ACTIVITY:
Using the listing below, reproduce exactly the lines from the one with "Free Free 106" through the last, with all pictures left out.

STORED DATA:

--

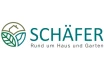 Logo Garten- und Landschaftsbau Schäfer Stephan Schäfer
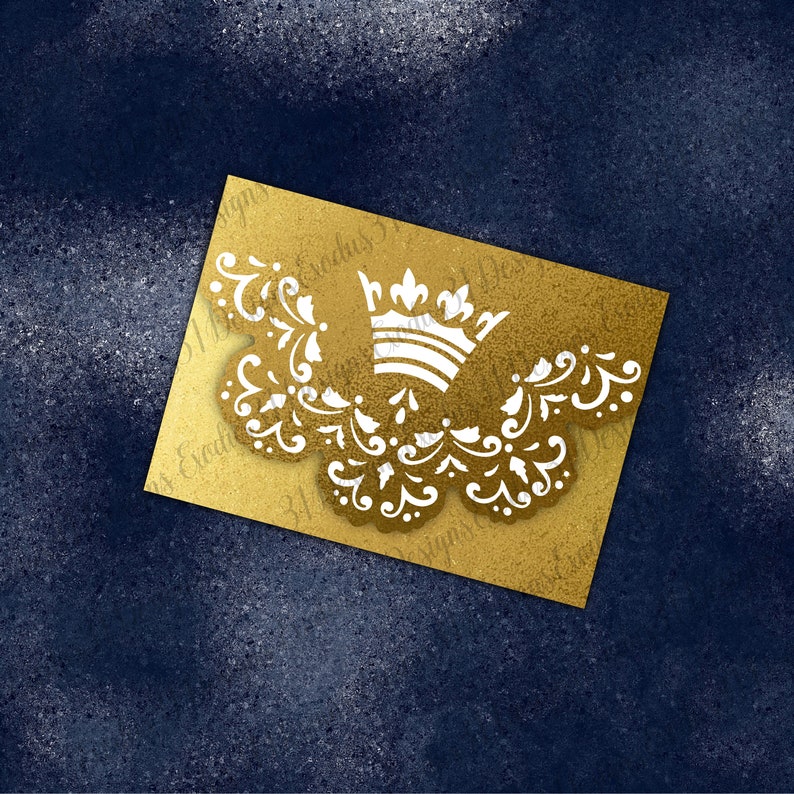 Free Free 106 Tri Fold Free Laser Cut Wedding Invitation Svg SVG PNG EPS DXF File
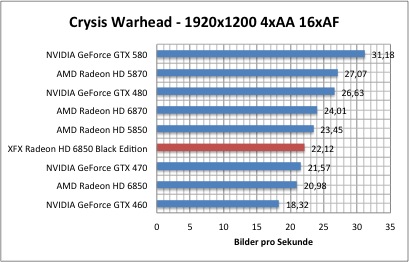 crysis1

--

SOLUTION:
 Free Free 106 Tri Fold Free Laser Cut Wedding Invitation Svg SVG PNG EPS DXF File
 crysis1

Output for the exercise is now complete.